Kann dem Zerknirrschen eine Antwort glücken?
Die Stimme brach, ein schwerer Seufzer flog
Eh mir‘ s gelang, im Wort mich auszudrücken
Weinend sprach ich: „Die Gegenwart betrog
Mit ihrer Lust mich, ihr ans Herz zu fliegen
Als euer Trostanblick sich mir entzog
Nein, nein, nein. Das glauben wir ihm einfach nicht. Wir haben ja oben gesehen, dass es viele lebenslustige, attraktive Frauen in Florenz gab, aber wir glauben nicht, dass Dante da gelandet ist. Wir würden sagen, die Sache ist voll trickreich. Er versucht sich der Welt als der Größte aller Latin Lover zu verkaufen, so durch die Hintertür. Das ist es.
Und sie: „Wenn du geleugnet und verschwiegen
Was du gebeichtet – offen doch und kund
Säh deine Schuld des Richters Auge liegen
Doch beicht sie des Sünders eigner Mund
So kehrt bei uns, abstumpfend, sich entgegen
Der Schneide gleich des Schleifsteins rauhes Rand
Die Aussage ist simpel, die Übersetzung etwas verdreht. Die Beamtin im Dienste Gottes Beatrice will sagen, dass dem wachenden Auge, das was Dante gebeichtet hat, also die Geschichte mit den Love Affairs, dem Auge des Gesetzes ohnehin nicht entgangen wäre, da er seine Schuld aber freiwillig bekennt, wird ihm verziehen. Das mit dem Schleifstein verstehen wir nicht richtig, ungefähr ist wohl gemeint, dass man mit einem Schleifstein, legt man das Messer richtig an, selbiges schärfen kann, legt man es allerding falsch drauf, wird es stumpf.
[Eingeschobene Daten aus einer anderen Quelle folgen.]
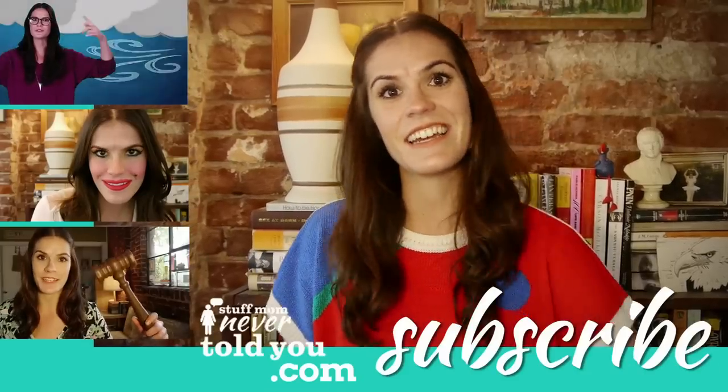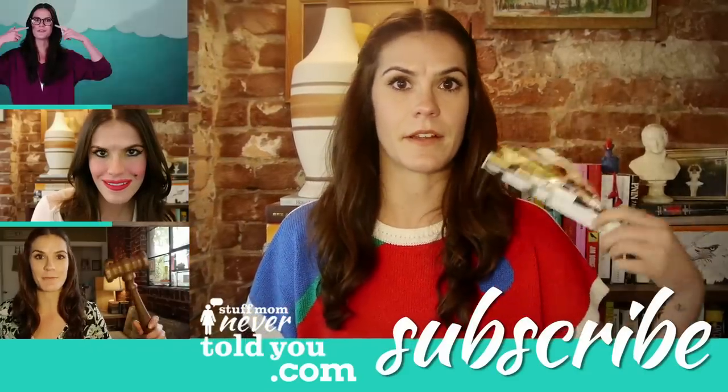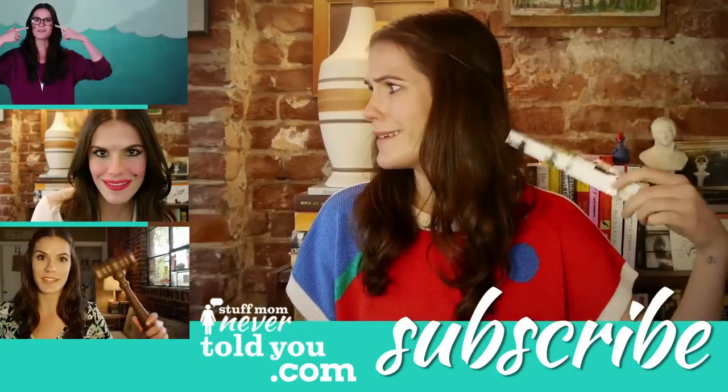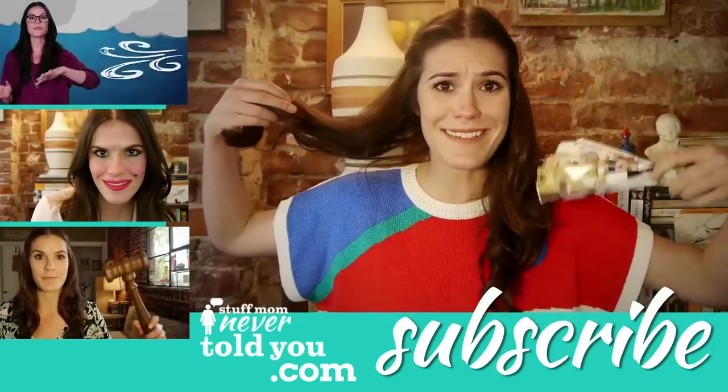I need to work on my fan language. Certainly the design and ornamentation of a woman's fan also denoted things like social status and wealth. It's getting hot in here — I'm just going to fan myself. I'm not taking off any clothes!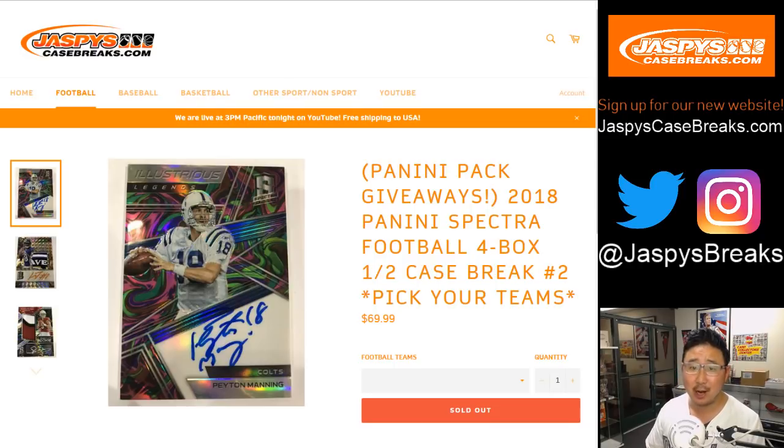Welcome to Jaspi's CaseBreaks.com, our brand new website. Thanks for discovering us, finding us, and rejoining us. 2018 Panini Spectra Football, four box Pick Your Team number two coming at you.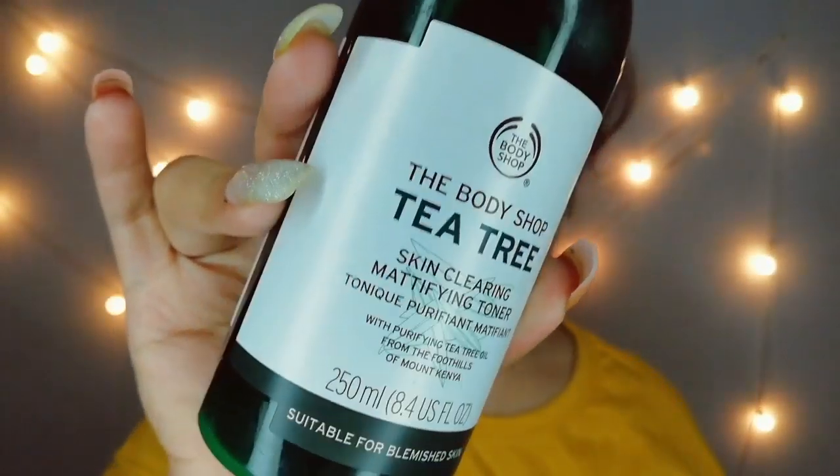Now for the toner, I'm taking this Body Shop tea tree toner. As we all know, tea tree is amazing for removing or controlling acne. Don't forget to follow the CTM routine — cleansing, toning, and moisturizing. Cleansing is not enough; you have to do toning and moisturizing to achieve that spotless and clear skin. So here I'm taking this toner.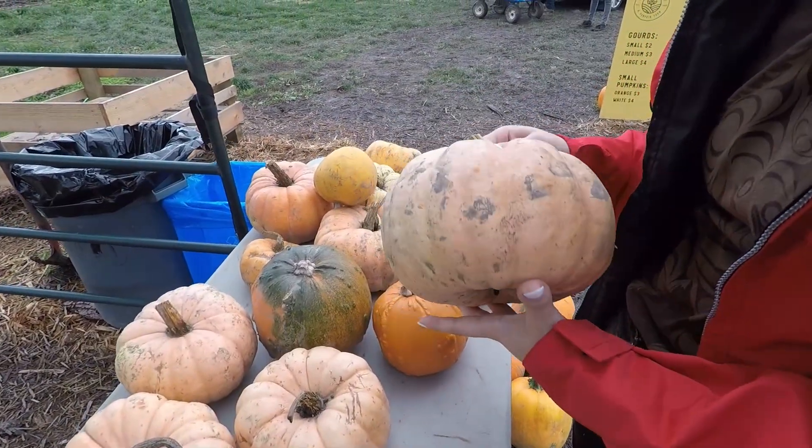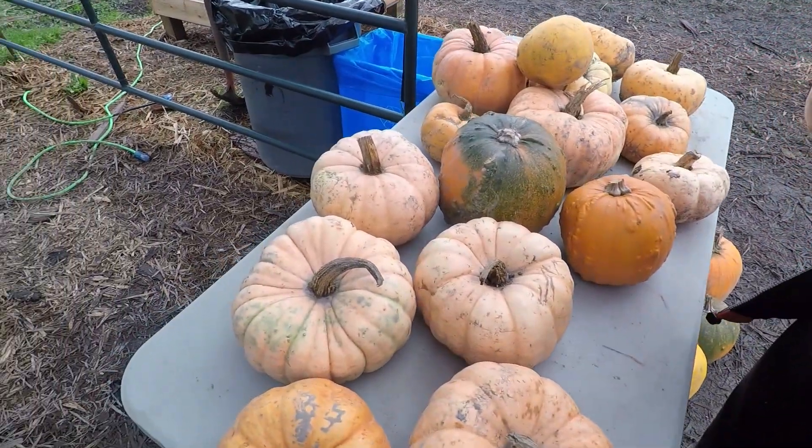We're going to head out into the pumpkin patch now. They have a little area beside the corn maze where you can pick out pumpkins. We found these cool white pumpkins — we're going to get four of them for the front porch.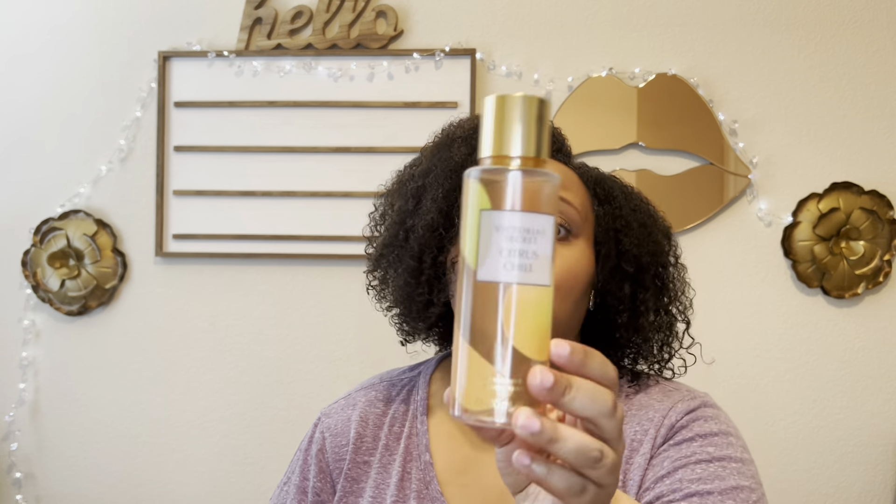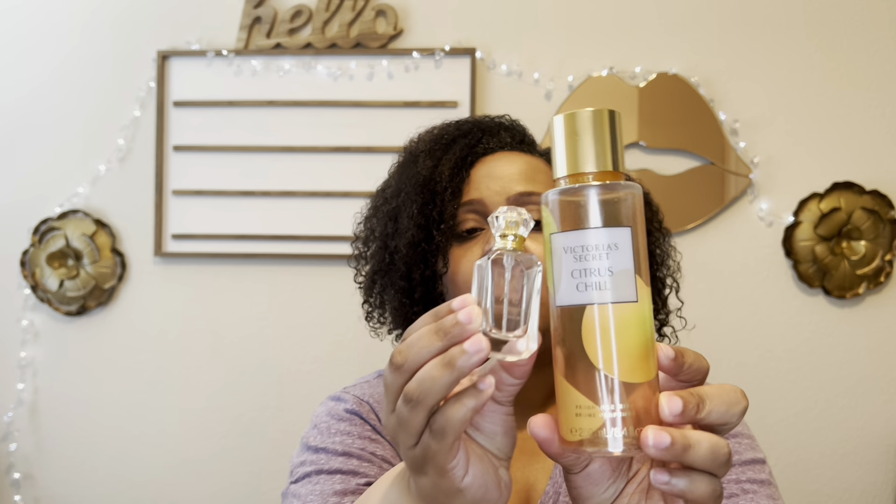Citrus Chill has notes of sparkling tangelo and almond blooms. To me it's a unique fragrance mist — a citrusy almond, kind of warm but not too warm. It smells different; it's a citrusy almond mist. Yeah, it's different.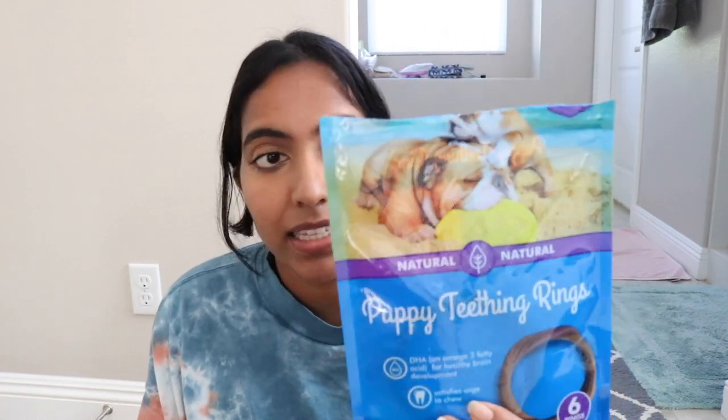Specifically for puppies, you want some puppy-specific things. These are puppy teething rings — I'm going to link everything down below and a lot of this stuff you can get from Amazon. These are awesome because for puppies it takes them a long time to chew these, and it's soft enough for their teeth. You don't want to give your puppies too hard of things because their teeth are fragile. Also, puppies' digestive tracts are much more sensitive, so you have to be a lot more careful about giving them hard chews.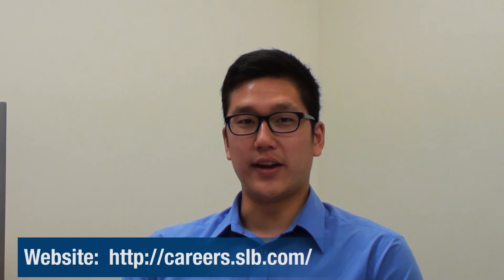Thank you so much for taking the time to interview with us today, Nicole. If you're interested in working at Schlumberger in the future, you can find out more information at careers.slb.com. And if you're interested in finding more content such as this video, feel free to like the SP Curtin Facebook page.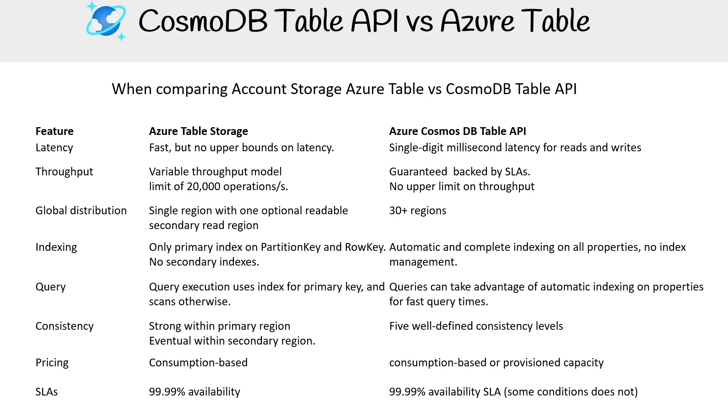The thing about Azure Tables is that you can use it within either Cosmos DB or within account storage. It's a really good comparison to look at these two things, because this way we can really understand how powerful Cosmos DB is. So what we'll do is compare the two.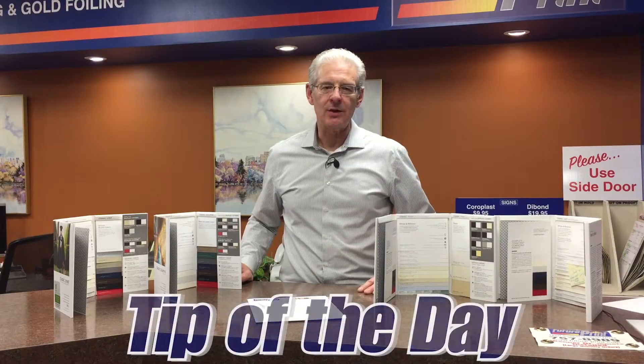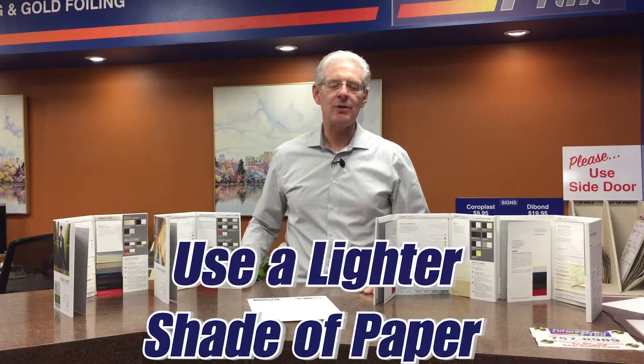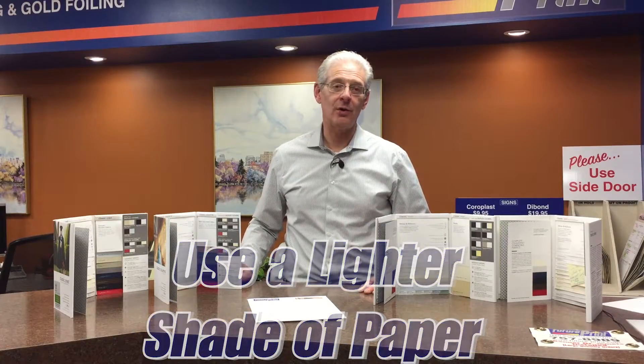Stop around and we'd love to show you those samples. Our tip is, always use a lighter shade of paper that can be photocopied. Try to match the paper colour to complement your logo colours.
Doch kräftiger brennen, deines Irrtums wegen
Muss dich die Scham! Und dass du ganz gefeit
Wenn dir Sirenen wieder Schlingen liegen
So säe nicht mehr Tränen voller Leid
Vernimm, welch andere Weg dich wohl zu trösten
Vermochte, als ich ließ die Zeitlichkeit
Das ist nicht so richtig richtig. Schauen wir uns das Original an.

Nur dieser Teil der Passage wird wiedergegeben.